Laugarbrekka is an abandoned farm in the Breidavik County on the southern side of the Snaefellsnes peninsula near the fishing hamlet. According to the Bardar-Saga, Bardur lived at Laugarbrekka as long as he could stand being among the human race. His ancestry was mixed. His mother was human, but his father was a giant, and therefore Bardur’s character and mentality was mixed. He used to take baths in the nearby-situated Bardarlaug, which still exists near Hellnar. The granddaughter of the first settler of Laugarbrekka, Gudridur, was the second wife of Thorfinnur karlsefni.

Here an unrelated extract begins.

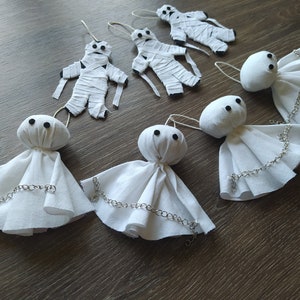 May include: Three white fabric ghost ornaments with black bead eyes and silver-toned chains draped across their skirts, alongside three white fabric mummy ornaments wrapped in strips with black bead eyes, all featuring small hanging loops.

They moved to Greenland and were among the group of people, who attempted settling in North America shortly after the year 1000. This attempt failed because of the repeated attacks of the Indians, but one child, a boy named Snorri Thorfinnsson, was born there before the people retreated to Greenland and Iceland. This child is considered the first European born in the New World. Gudridur and Thorfinnur with their son Snorri spent the rest of their lives at Glaumbaer in the Skagafiord District in Iceland. After her husband’s death, Gudridur went on a tour of repent and absolution to the Vatican and then became a hermit at Glaumbaer for the rest of her life.
The Laugarbrekka farm was abandoned in 1887, but a new farm was built nearby on the property in 1934, where another farm, Holl, stood earlier. The church at Laugarbrekka was build 1943-45.